Among the unique characteristics of American politics is our capacity to forget the unpleasant and inconvenient.
After a sitting president burgled his opponent’s headquarters and then tried to sack his entire Justice Department, his successor pardoned him in the service of “unity” and his party went on to thrive in the aftermath. Just over a decade later, there was an enormous scandal involving the secret sale of weapons to America’s top-profile international enemy to fund murderous paramilitaries on our own continent. The criminals involved were pardoned, the president involved feigned ignorance and then got the national capital’s airport named after him. Shortly thereafter, another Republican president lied the country into a costly and devastating war from which there remains no exit, then oversaw the worst natural disaster response in American history before catapulting the nation into the greatest economic calamity since the Great Depression. Within a decade, both parties seem to have forgotten that he even existed except to be seen as a respectable elder statesman at funerals and public functions.

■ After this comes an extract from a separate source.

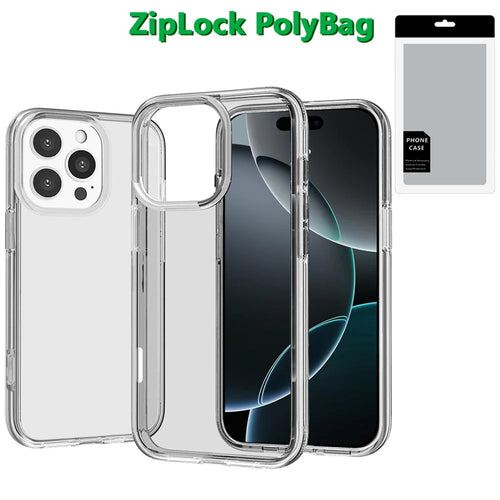 [PolyBag] For iPhone 16 Pro Max 6.9 inch Sturdy Ultra Thick 3mm Transparent Hybrid Case Cover - Clear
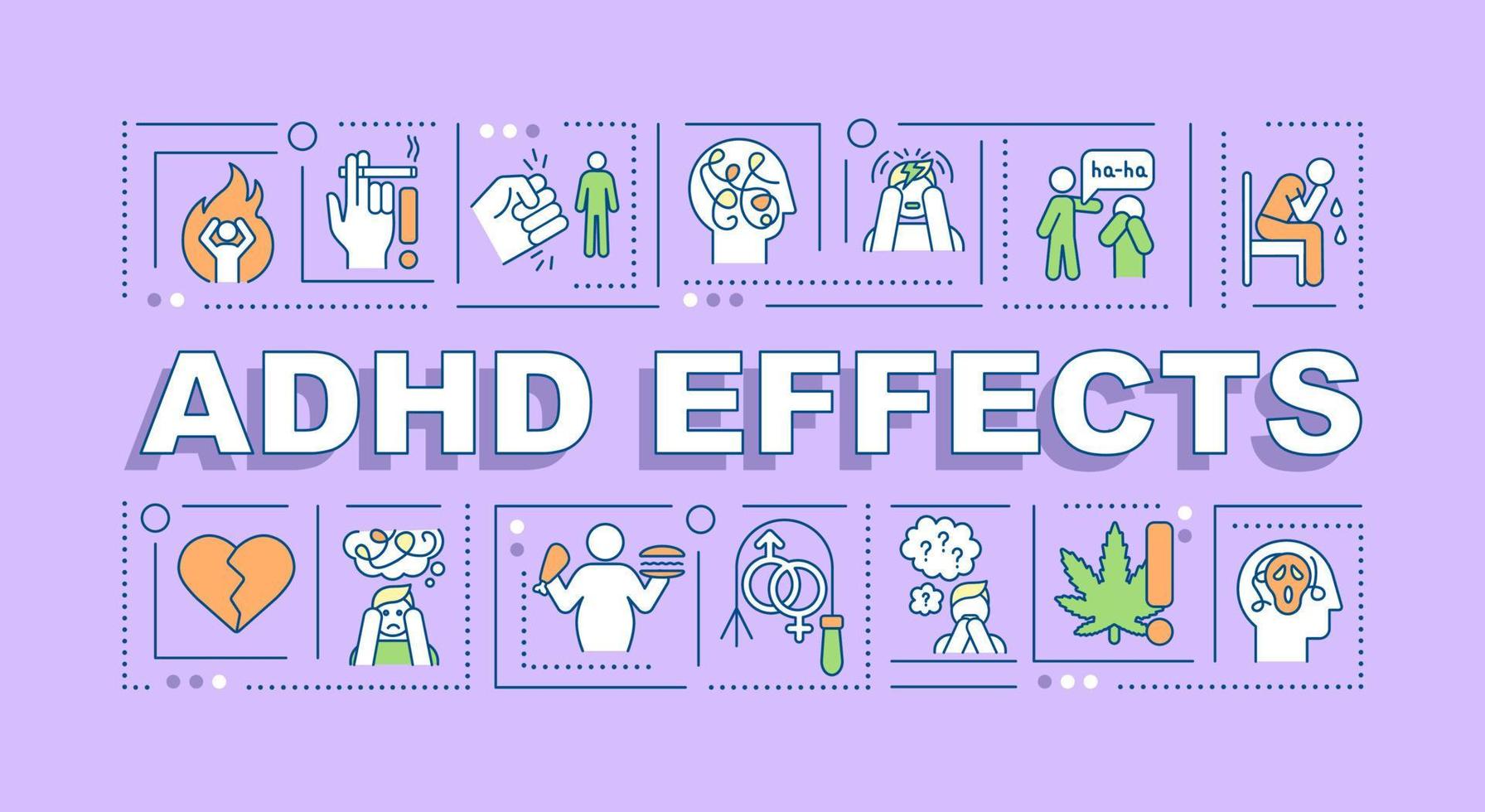 ADHD effects word concepts banner. Mood swings. Poor self-control. Infographics with linear icons on purple background. Isolated creative typography. Vector outline color illustration with text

Then came Donald Trump. Trump, his catastrophic failures and extraordinary malfeasance have not yet been forgotten because he still dominates the Republican Party. But his most horrific transgression is already receding into the background of the nation’s collective memory. So let’s all remind ourselves of what happened just this month.
This month—25 days ago!—there was an armed, murderous insurrection against the government of the United States. This insurrection was based on a months-long campaign of spurious lies that the election had been stolen somehow from Trump. These lies were enabled by intentional Republican policies like insisting on counting mail ballots late in order to create the impression of falsification, by the conservative infotainment brigade that promoted the calumnies of Trump and his lawyers, and crucially by hundreds of Republican politicians who backed the president’s lies in statehouses and on the floor of Congress.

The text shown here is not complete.